According to the World Trade Organization (WTO), India exported পোশাক 1.6 billion worth of garments in 2019. In the same year, the country exported the same amount of cloth worth 1,600 crore dollars. On the other hand, in 2019, Bangladesh exported 3,400 (actually ৭ 3,306 crore) and Vietnam তৈরি 3,100 crore worth of ready-made garments.

Badsha Mia, director of BTMA, an association of textile mill owners, said India was doing a lot to get to the front line even though it was lagging behind. He said Indians are urging Bangladeshi entrepreneurs who already import cotton from India to invest. Badshah Mia thinks that if India’s investment is properly implemented, it will be a threat to Bangladesh.

It is not that Bangladesh has not made a long-term plan. In 2015, BGMEA, an association of garment industry owners, formulated a roadmap to increase garment exports to হাজার 5 trillion by 2021. It emphasizes on construction of infrastructure, uninterrupted supply of gas and electricity, completion of renovations, creation of safe working environment for workers, exploration of new markets and ensuring fair prices of garments on priority basis. At the beginning there was a lot of discussion about the roadmap but later all the parties gradually became silent. Due to the coronavirus challenge, garment exports fell by 16 per cent to ৭ 2,748 crore last year.

Although it is the second largest exporter of garments in the world, Bangladesh has not been able to develop the planned industrial city for the sector. A garment village is being set up on 500 acres of land at Bangabandhu Industrial City in Mirsarai, Chittagong. However, initially only 36 institutions are going there. Apart from the garment sector, a handful of companies are also setting up factories in Mirsarai. But they are going in isolation.

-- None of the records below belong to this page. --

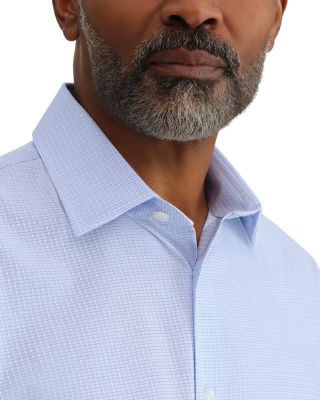 Regular Fit Stretch Dress Shirt - Exclusive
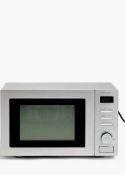 RRP £180 Boxed John Lewis 32L Jlcmwo010 Combination Microwave Oven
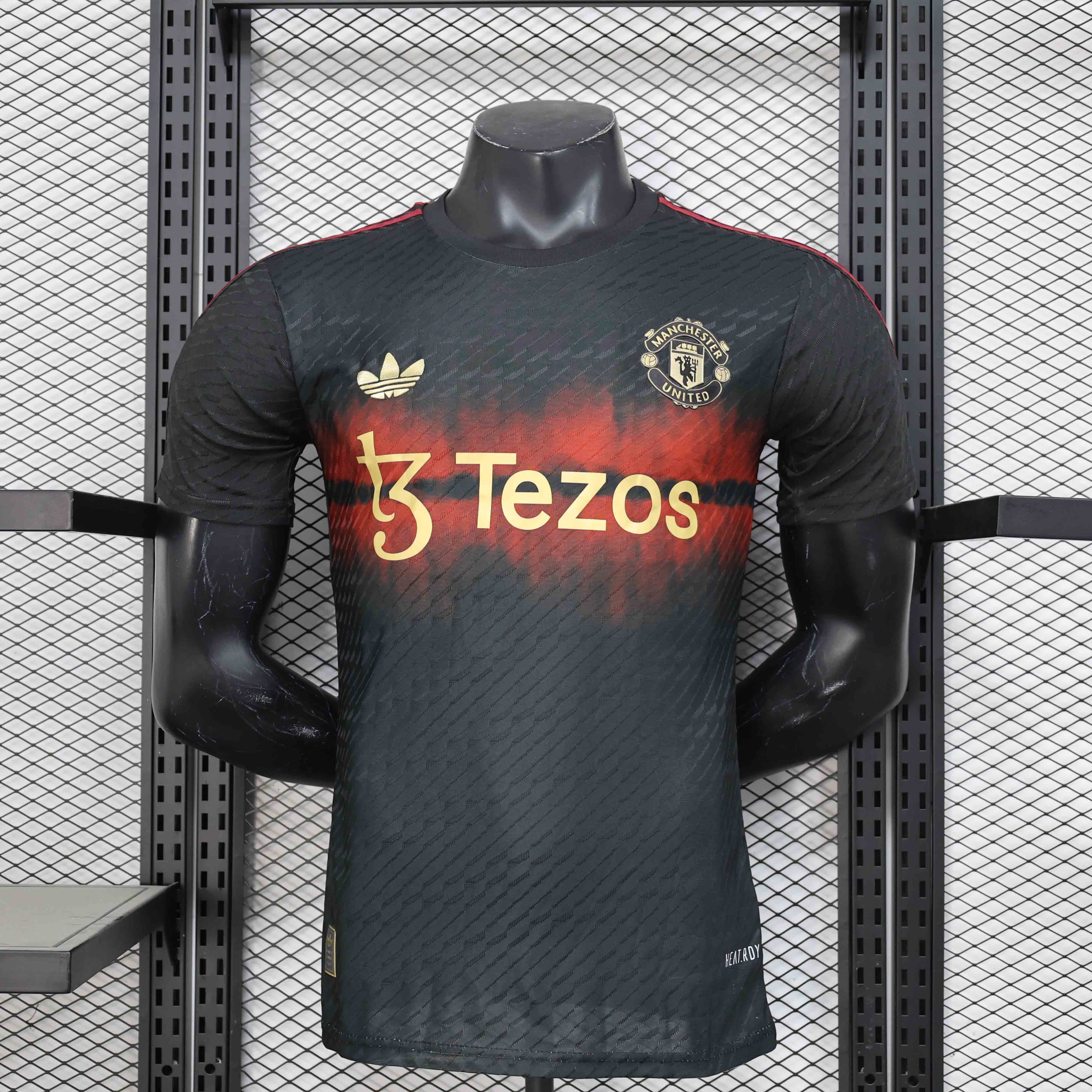 25-26 season Manchester United new player special edition jersey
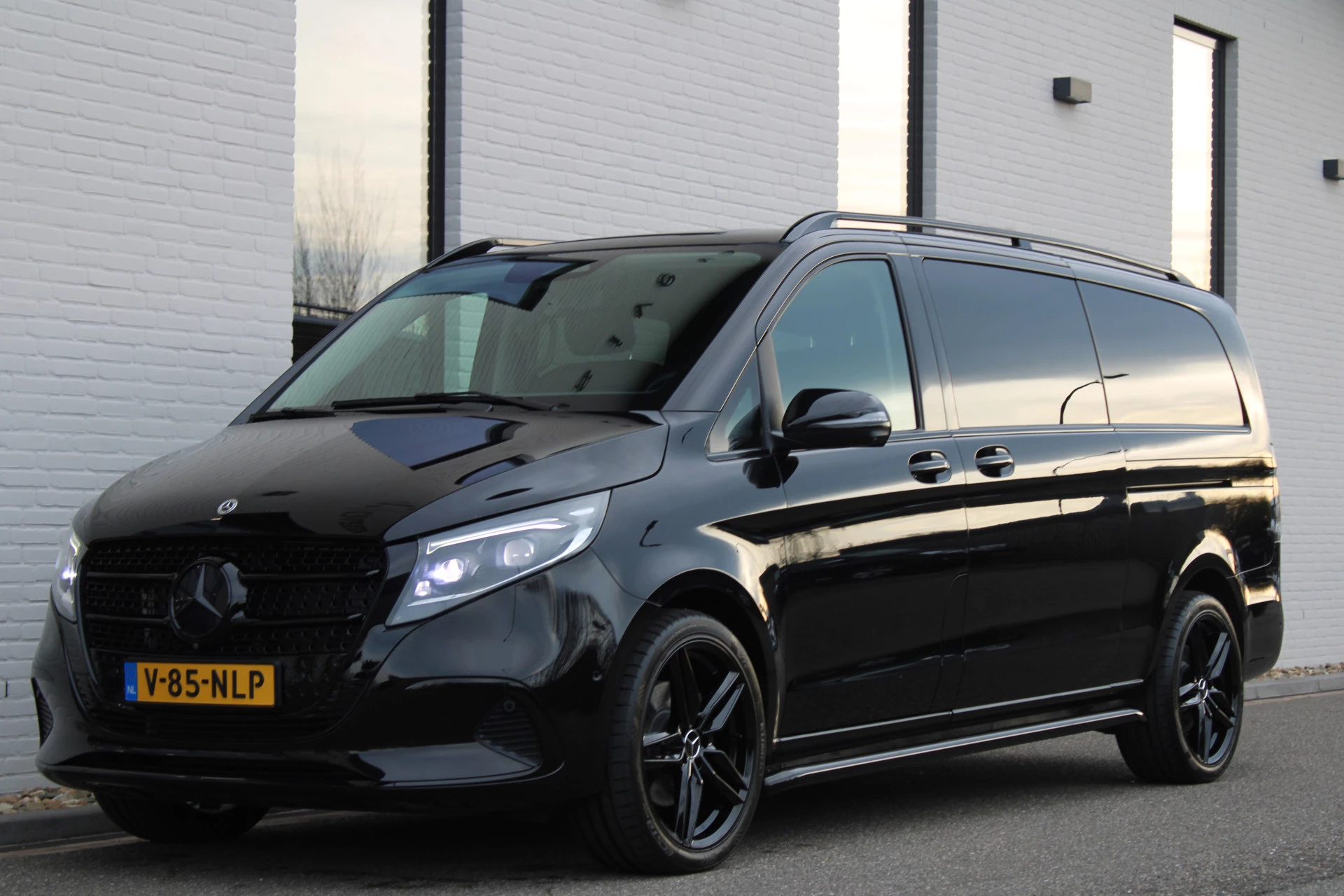 Hoofdafbeelding Mercedes-Benz V-Klasse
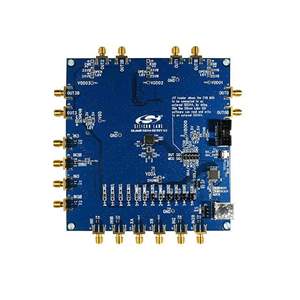 SI5344-EVB Real Image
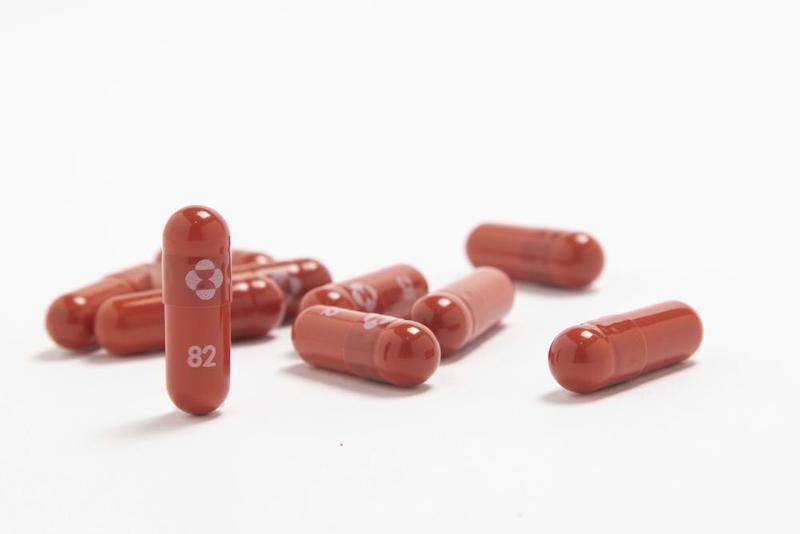 Merck pide a FDA de EU autorice prometedora píldora anti-Covid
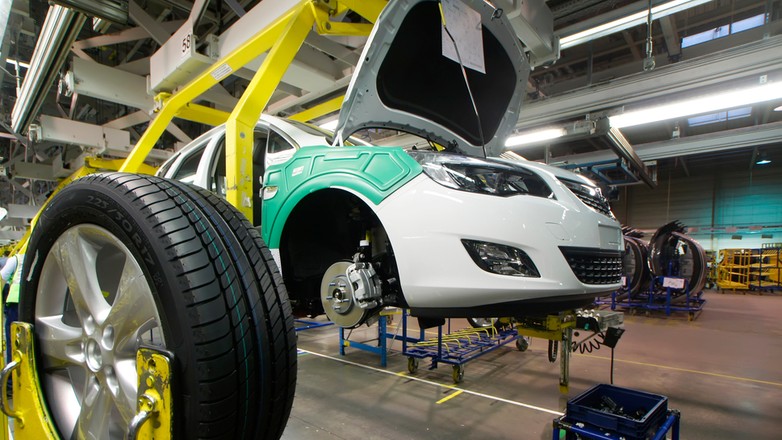 Opel rezygnuje z pomocy europejskich rządów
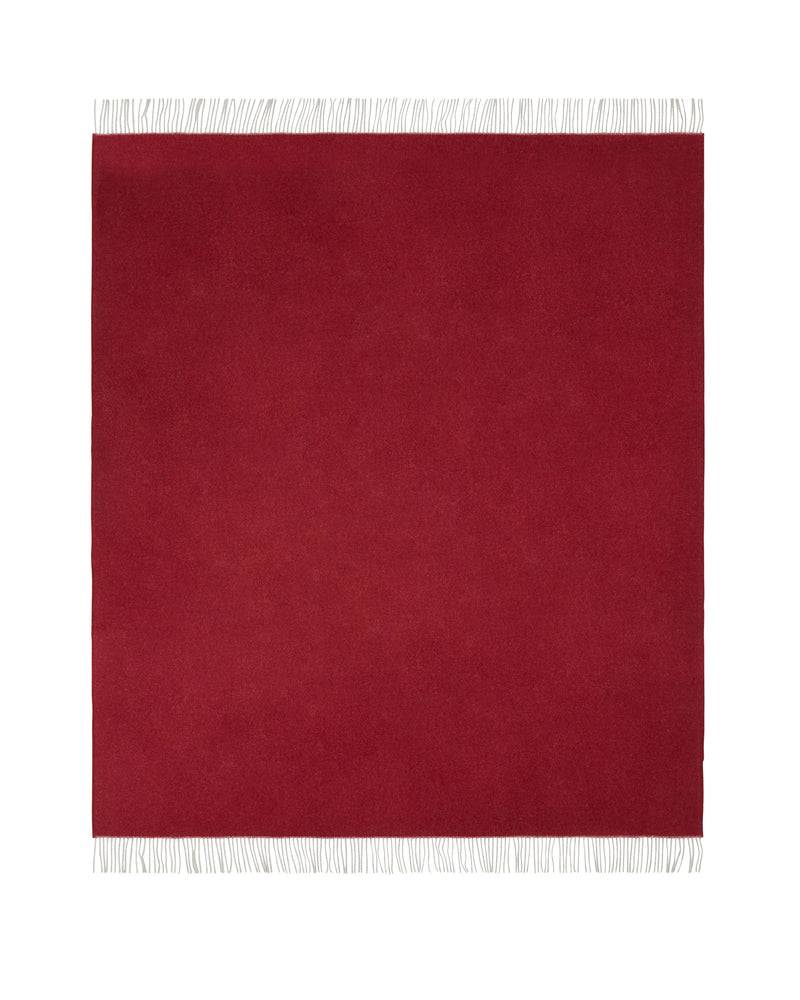 Lanerossi Ulisse plaid in pura lana Sottocosto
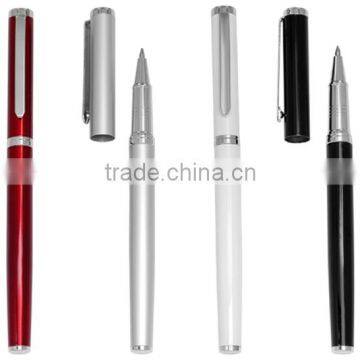 high quality hotel/office/students/business /promotional/creative laser printing LOGOmetal pen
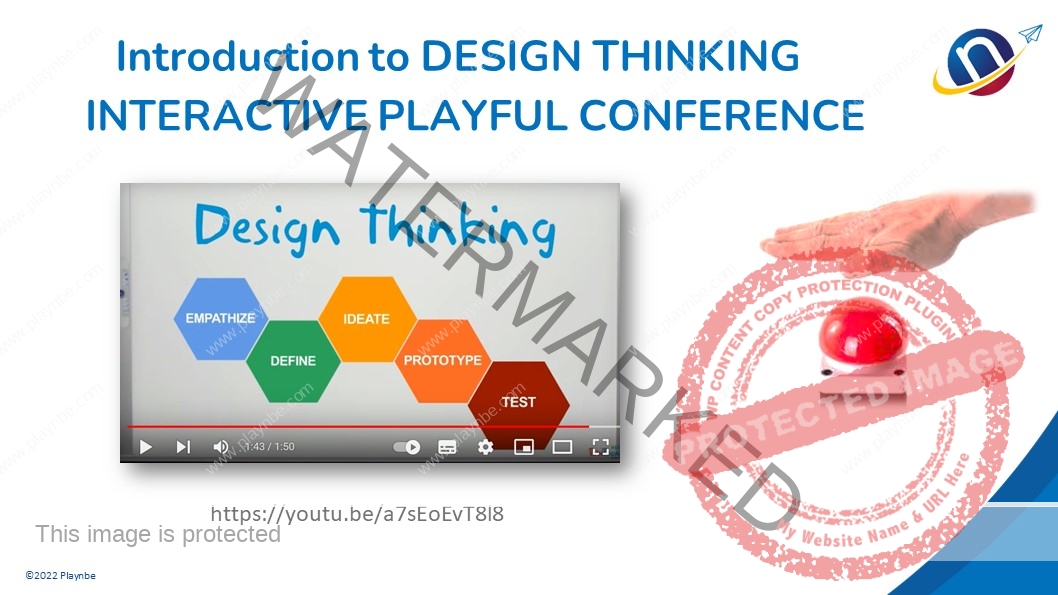 Play & Learn the Design Thinking approach
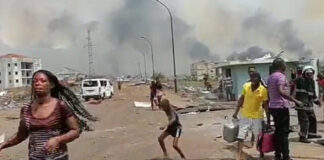 Explosiones en Bata - Noticias Ahora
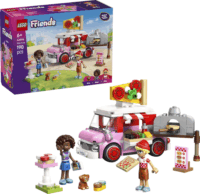 LEGO 42694 Friends - Pizzaárus Büfékocsi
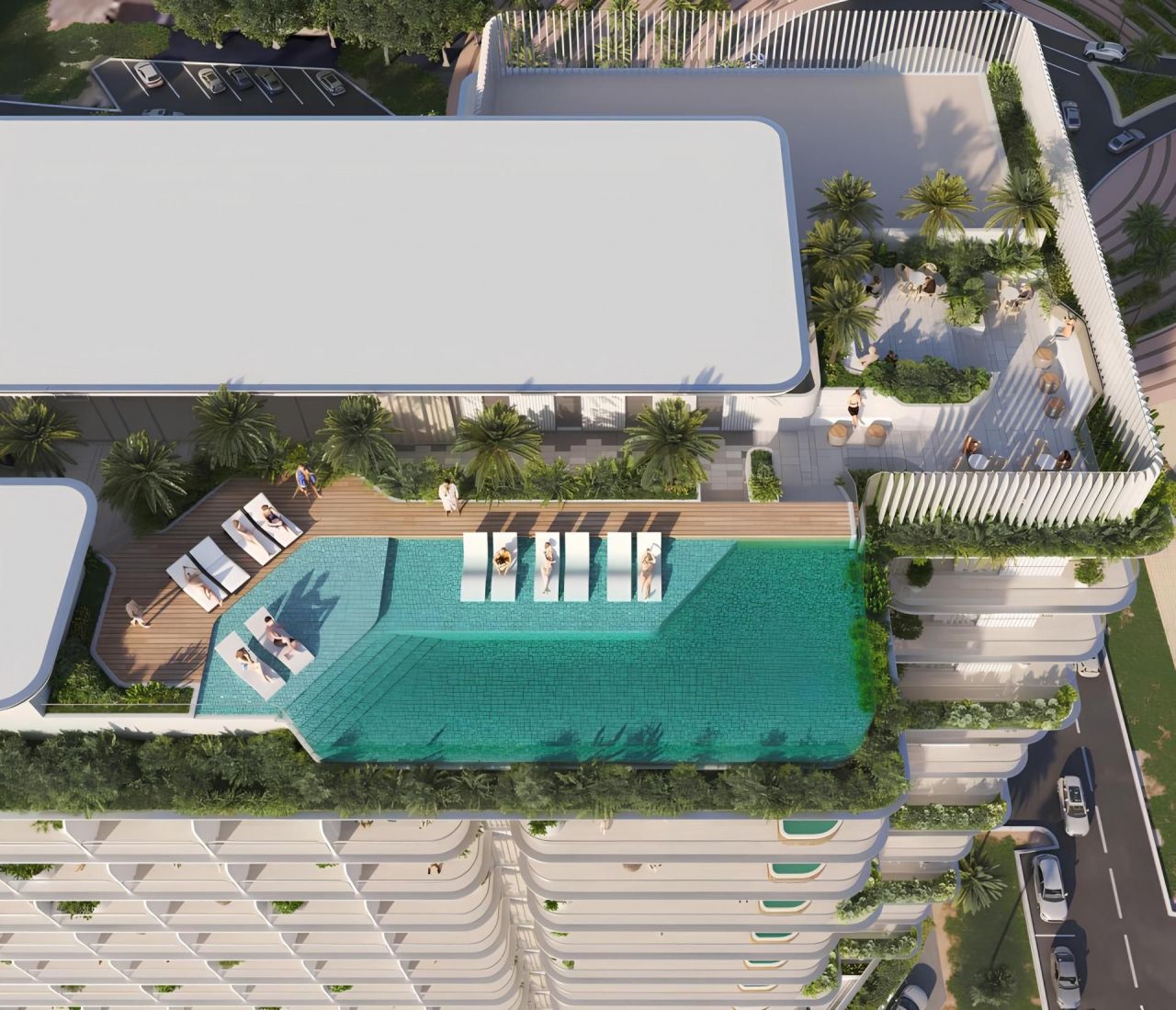 Квартира в Дубае, ОАЭ, 71 м² - фото 1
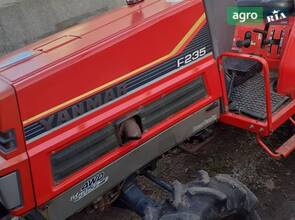 Трактор Yanmar F235 1992
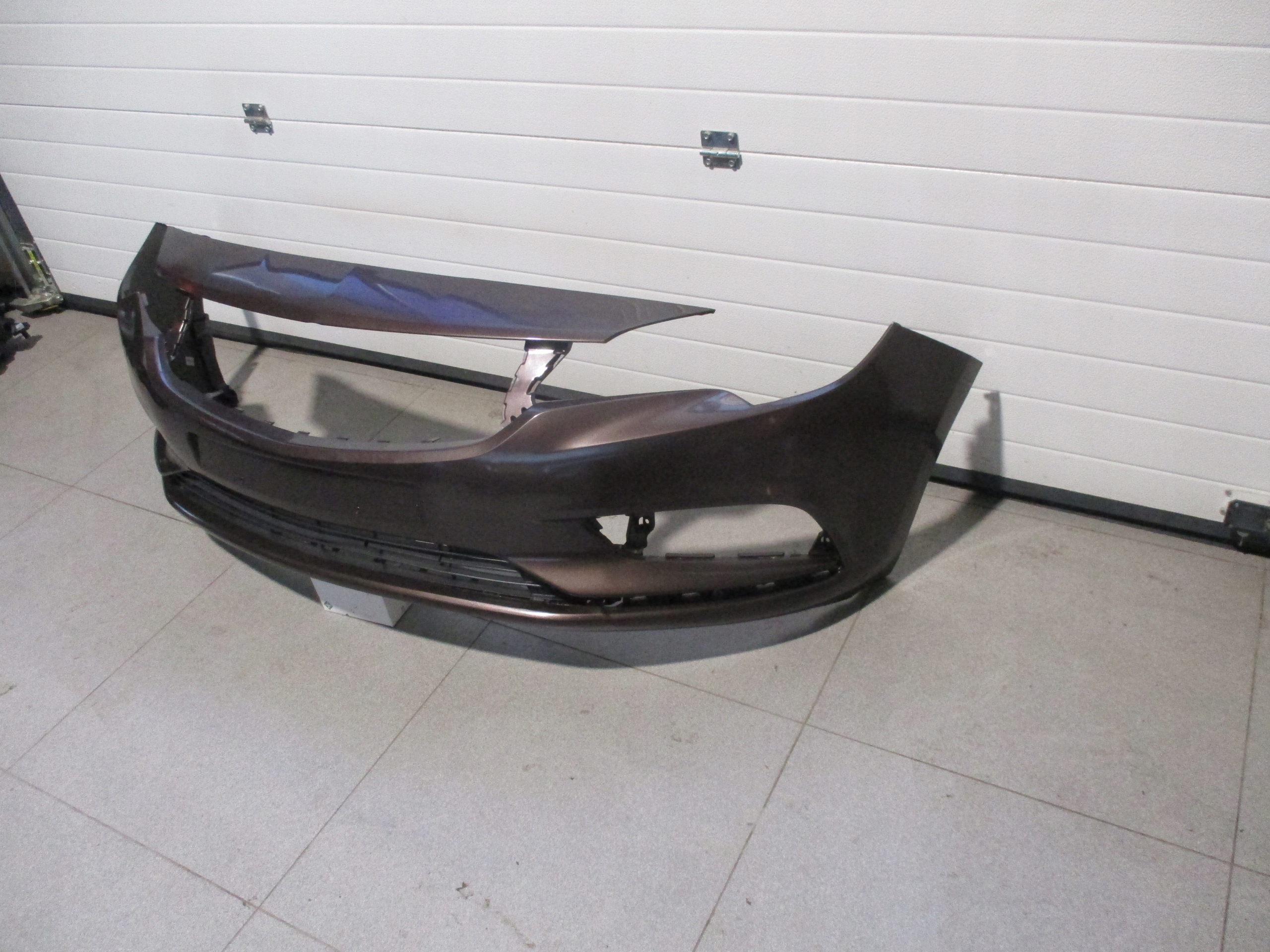 Pare choc Avant Opel Astra K5 39052730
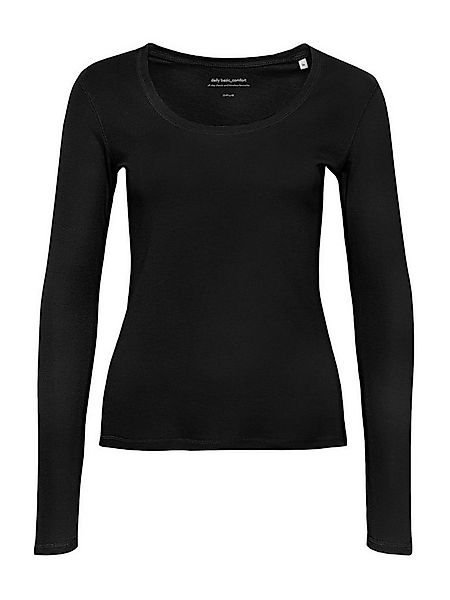 OPUS Langarmshirt Sorana (1-tlg) Plain/ohne Details günstig online kaufen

Former BKMEA president Fazlul Haque said, “There is nothing to threaten Indian investment. But we should open our eyes. However, whatever we want, the government is going to help as much as possible. But if we don’t plan long-term soon, we won’t be able to move forward after a while. ‘

Fazlul Haque further said, ‘The business of garments of the future will be based on artificial fibers. But we are still covered with cotton cloth. So far we have no clear plan for the production of synthetic fibers.